Laura, wie kann uns die Wissenschaft helfen, die Zukunft, in der wir leben wollen zu gestalten?

In welcher Welt wollen wir leben? Diese Frage haben wir in den letzten Wochen Aktivist*innen und Expert*innen gestellt. In unserem Sommer der Utopien erzählen sie uns davon, was sie bewegt, motiviert weiterzumachen und worauf sie hinarbeiten. Dieses Mal – im siebten Teil der Reihe – schreibt Laura, Wissenschaftlerin beim European Forest Institute, darüber, wie die Wissenschaft uns helfen kann, eine bessere Gesellschaft zu gestalten und warum wir ein neues Zeitalter der Entdeckungen brauchen. Ihren Text hat Laura auf Englisch verfasst, das Original kannst Du hier lesen.

„Die Natur hat so viele Lösungen für unsere Probleme, und wir kennen noch nicht einmal alle davon“

Ich bin Laura, eine 29-jährige PhD-Studentin aus Finnland, die sich mit der Frage beschäftigt, wie wir die Widerstandsfähigkeit unserer Wälder gegenüber Störungen und den Auswirkungen des Klimawandels erhöhen können. Ich habe fast vier Jahre lang in Bonn gelebt, aber dann kam die COVID-19-Pandemie und das Heimweh, daher beschloss ich, wieder in den Norden zu ziehen.
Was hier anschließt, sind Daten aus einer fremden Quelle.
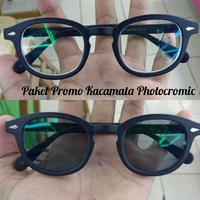 Gambar Kacamata Minus Cldr Pria Lensa Photocromic+Antiradiasi dari miska farida auralia Jakarta Pusat 1 Tokopedia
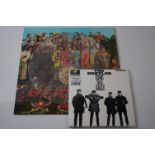 Vinyl - The Beatles Sgt Pepper picture disc (PHO 7027) Stereo, and Long Tall Sally EP Record Store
Ich habe auch das Gefühl, dass ich in Finnland mehr zum Klima-Aktivismus beitragen kann, weil es dort keine Sprachbarriere gibt und ich besser weiß, wie das System funktioniert. Ich bin zwar nicht Teil der Fridays For Future-Bewegung, aber ich beteilige mich an der Arbeit von Climate Move, einer finnischen Klimaaktivist*innengruppe.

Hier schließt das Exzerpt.